2. IL PRESSING DELLE ONG SULLA FARNESINA
Vincenzo Nigro per "La Repubblica"

Il nostro ministero degli Esteri venne avvisato il 31 maggio da una Ong della gravità del caso Shalabayeva. Emma Bonino lo ha detto: «Sono stata avvertita da una Ong e poi abbiamo fatto i nostri controlli ». Ma non ci fu solo quell'allerta indicata dal ministro degli Esteri: il 4 giugno un'altra organizzazione non governativa, il Consiglio italiano per i Rifugiati, scriveva una mail alla Farnesina per informare il ministero del caso e per scuotere la diplomazia italiana. Una mail circostanziata e pesante. A cui però nessuno dalla Farnesina ha mai risposto. Soltanto un mese e mezzo dopo il governo ha fatto il primo passo favorevole alla moglie del dissidente kazako: la revoca del decreto di espulsione.

Dice Christopher Hein, direttore del Cir: «In quella lettera chiedevamo al ministero degli Esteri che fossero attuati immediatamente tutti i passaggi per tutelare la donna e la figlia». Alla Farnesina il Cir domandava innanzitutto di verificare le condizioni delle due donne dopo il rimpatrio, ma poi profilava la violazione da parte del governo italiano del divieto di respingimento ed espulsione sancito dal Testo Unico sull'Immigrazione. La legge italiana dice che «in nessun caso può disporsi l'espulsione o il respingimento verso uno Stato in cui lo straniero possa essere soggetto di persecuzione per motivi di razza, di lingua, di cittadinanza, di opinioni politiche». Ciò che invece è esattamente accaduto con la Shalabayeva.
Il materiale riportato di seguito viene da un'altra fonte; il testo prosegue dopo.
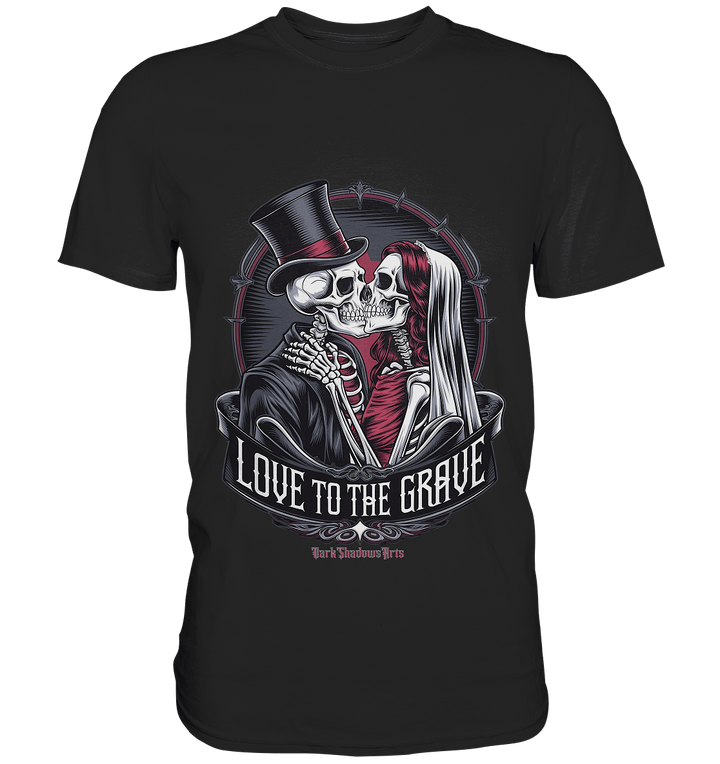Liebe bis zum Grab - Gothic - Hochzeit mit Skeletten - Premium Shirt | Unisex - Shirts | Dark Shadows Arts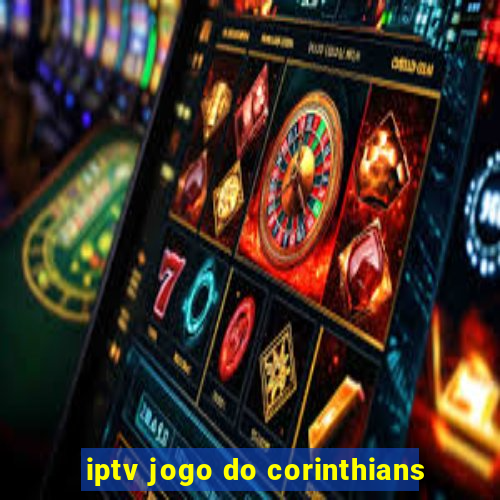 iptv jogo do corinthians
Informati dall'avvocato Federico Olivo, uno dei difensori della Shalabayeva, gli uomini del Cir elencano il 4 di giugno alla Farnesina tutti i problemi seri a cui il governo italiano sta per andare incontro e con cui poi si è dovuto confrontare nelle settimane successive: «Come è noto, il marito della signora, Mukhtar Ablyazov, è stato una delle voci di opposizione più conosciute in Kazakhstan, ha fondato il movimento di opposizione Democratic Choice. In esilio da anni è riconosciuto rifugiato nel Regno Unito ha dato l'annuncio preoccupato del rimpatrio della moglie e della figlia attraverso il web».

Il Cir solleva anche la possibilità che l'Italia con la sua condotta nei confronti della moglie di Ablyazov abbia «violato anche la Convenzione europea dei diritti dell'uomo che prevede che nessuno può essere respinto o espulso verso un paese in cui rischia di essere sottoposto a trattamenti disumani o degradanti».